- **TASK GOAL**
Exclude all pictures, then write out exactly the lines below from the first one through the line with "a swimming pool".

- **INFORMATION SHOWN**
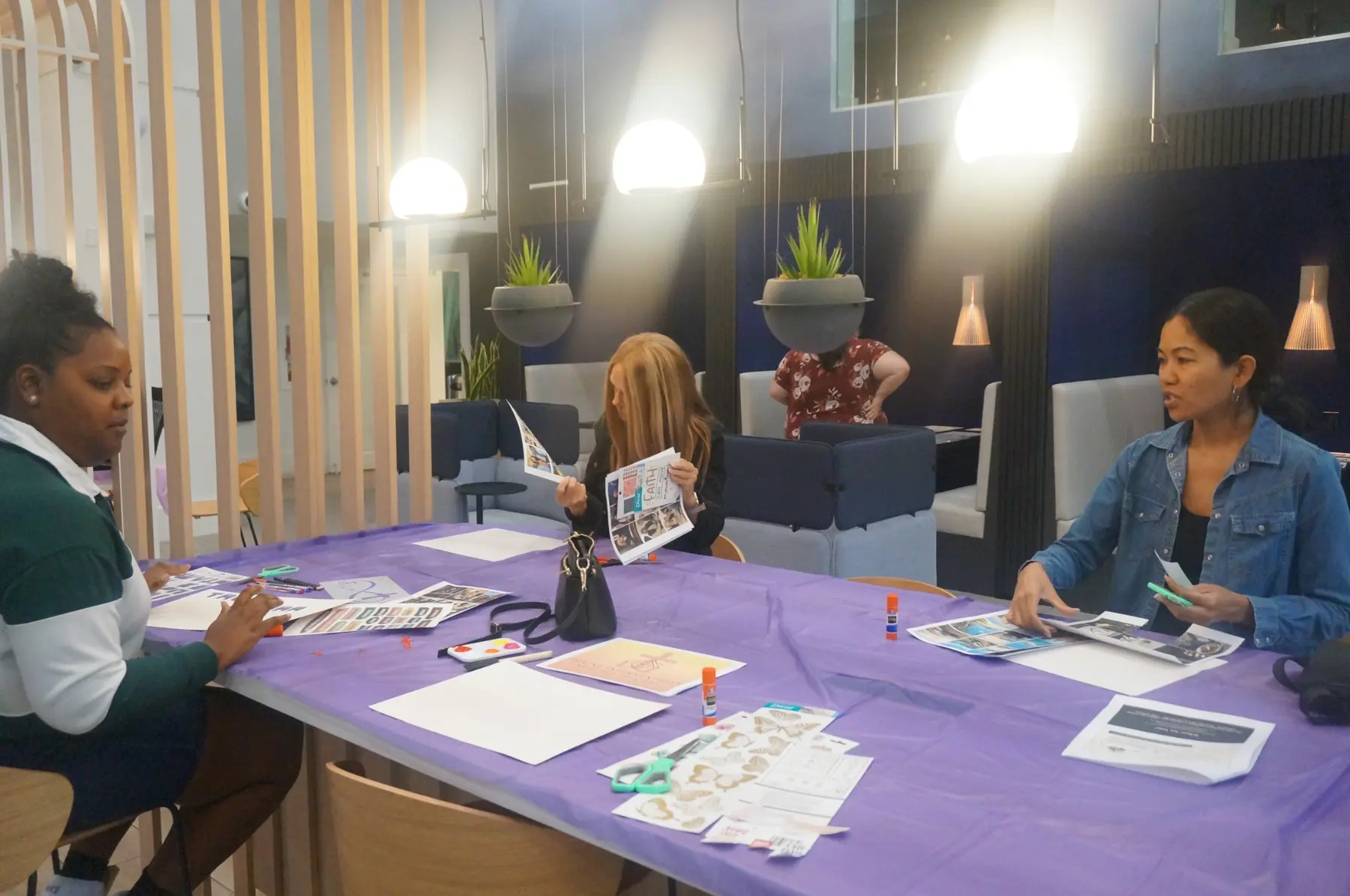 Women gathered around a table creating their mini-vision boards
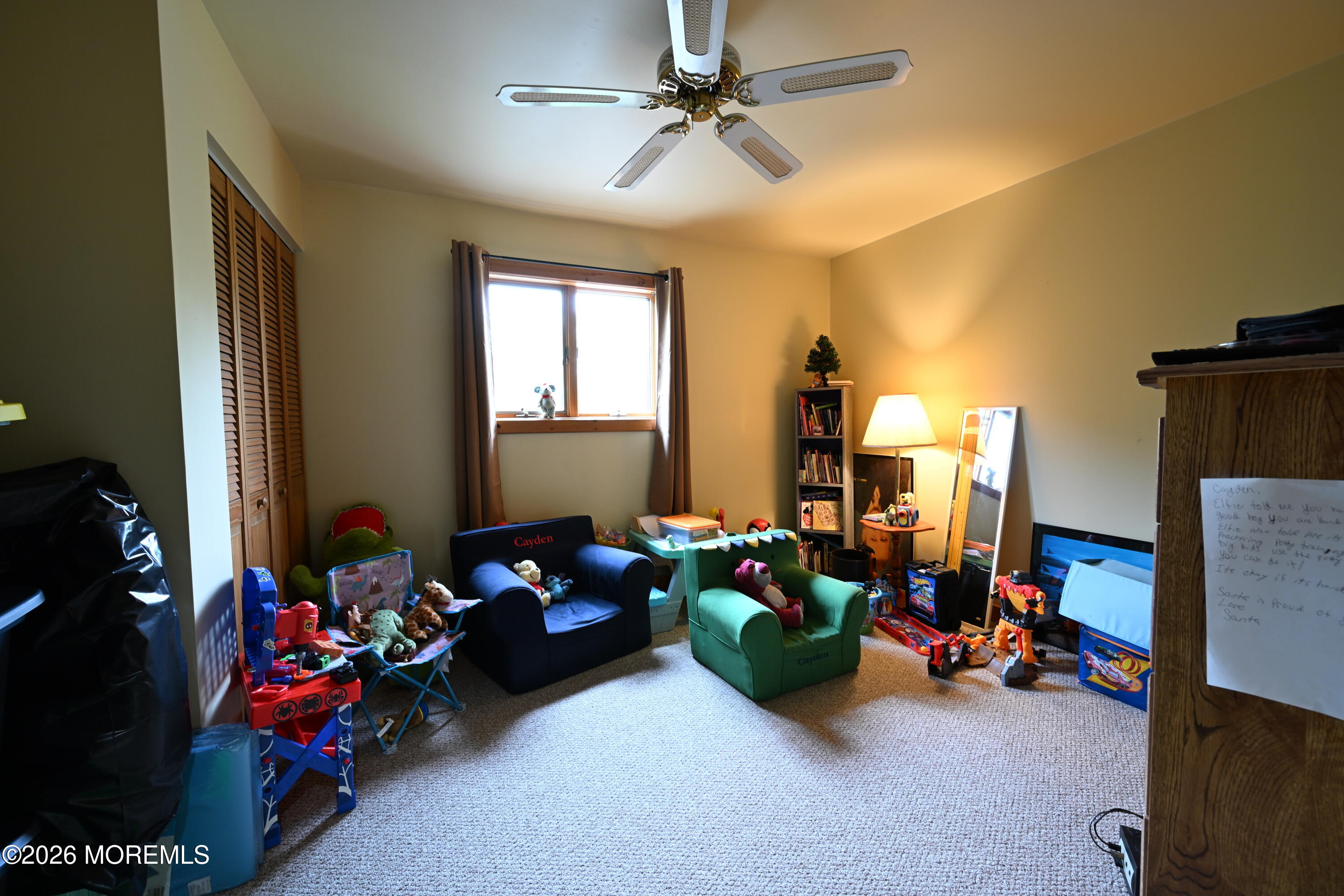 20 Hluchy Road Robbinsville, NJ 08691 - Photo 31 of 38 a living room with lots of furniture and a chandelier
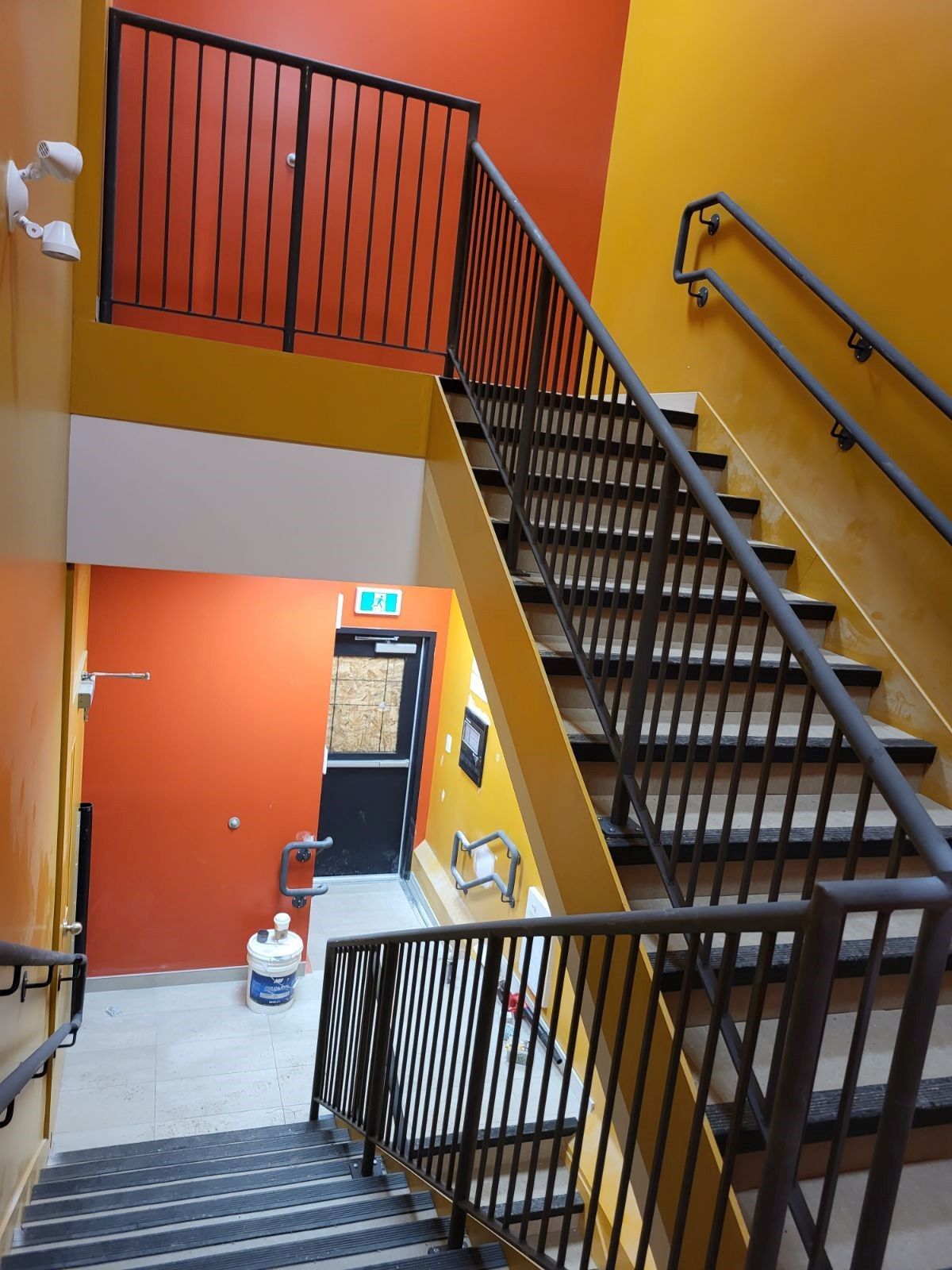 Un escalier avec une rampe en métal et des murs orange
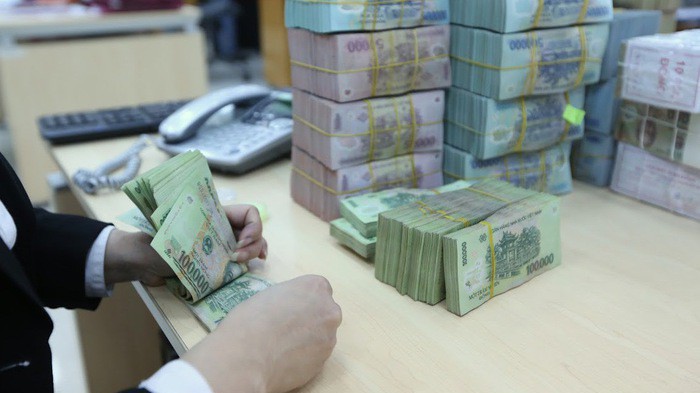 Một số chuyên gia kinh tế đề nghị thực hiện chính sách tiền tệ theo hướng thận trọng hơn - Ảnh: Quang Phúc 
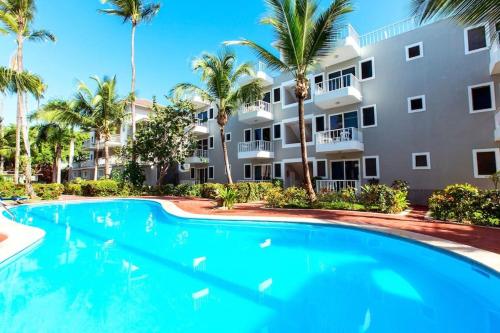 a swimming pool in front of a building with palm trees at MIRABELLA SOL CARIBE SUITES playa LOS CORALES in Punta Cana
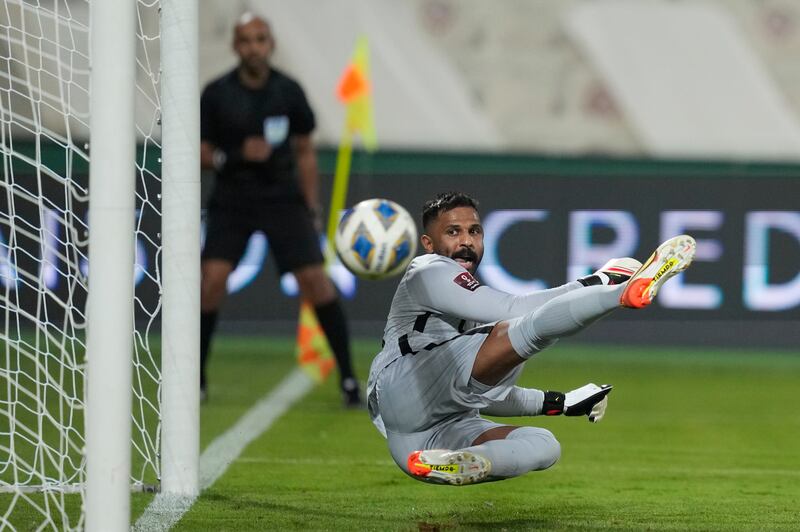 Saudi Arabia goalkeeper Mohammed Alowais fails to stop Zhu Chenjie's penalty. AP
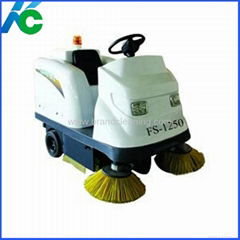 Ride-on floor sweeper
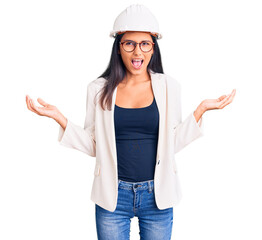 Young beautiful latin girl wearing architect hardhat and glasses crazy and mad shouting and yelling with aggressive expression and arms raised. frustration concept.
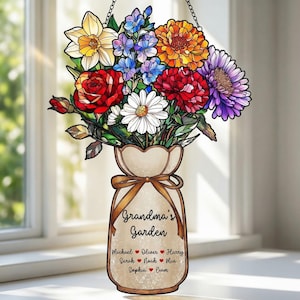 May include: A stained glass floral arrangement in a vase, suspended by a chain. The bouquet features red roses, daisies, and orange, purple, and blue flowers. The vase has a bow and the words "Grandma's Garden" with names.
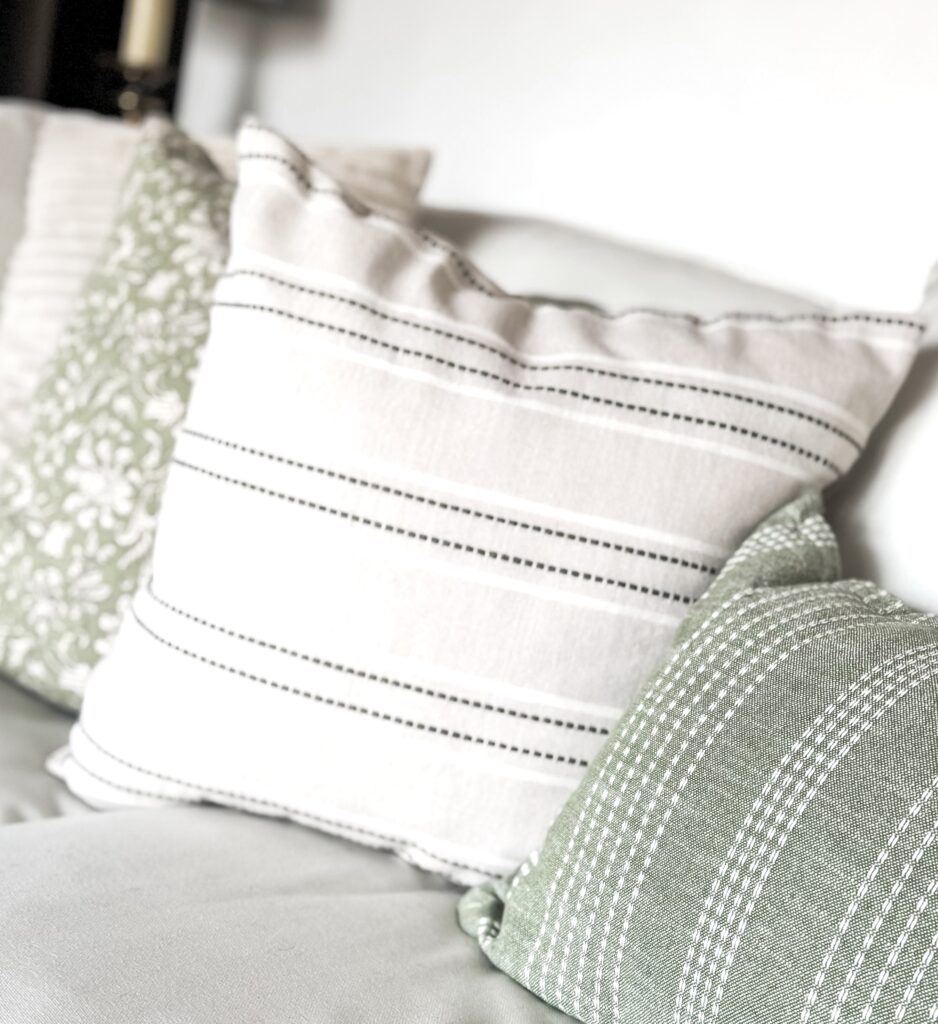Elegant linen throw pillows with striped patterns, perfect for enhancing living room or bedroom aesthetics, showcasing quality craftsmanship and timeless style.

- **RESULT OF THE TASK**
 Women gathered around a table creating their mini-vision boards
 20 Hluchy Road Robbinsville, NJ 08691 - Photo 31 of 38 a living room with lots of furniture and a chandelier
 Un escalier avec une rampe en métal et des murs orange
 Một số chuyên gia kinh tế đề nghị thực hiện chính sách tiền tệ theo hướng thận trọng hơn - Ảnh: Quang Phúc 
 a swimming pool in front of a building with palm trees at MIRABELLA SOL CARIBE SUITES playa LOS CORALES in Punta Cana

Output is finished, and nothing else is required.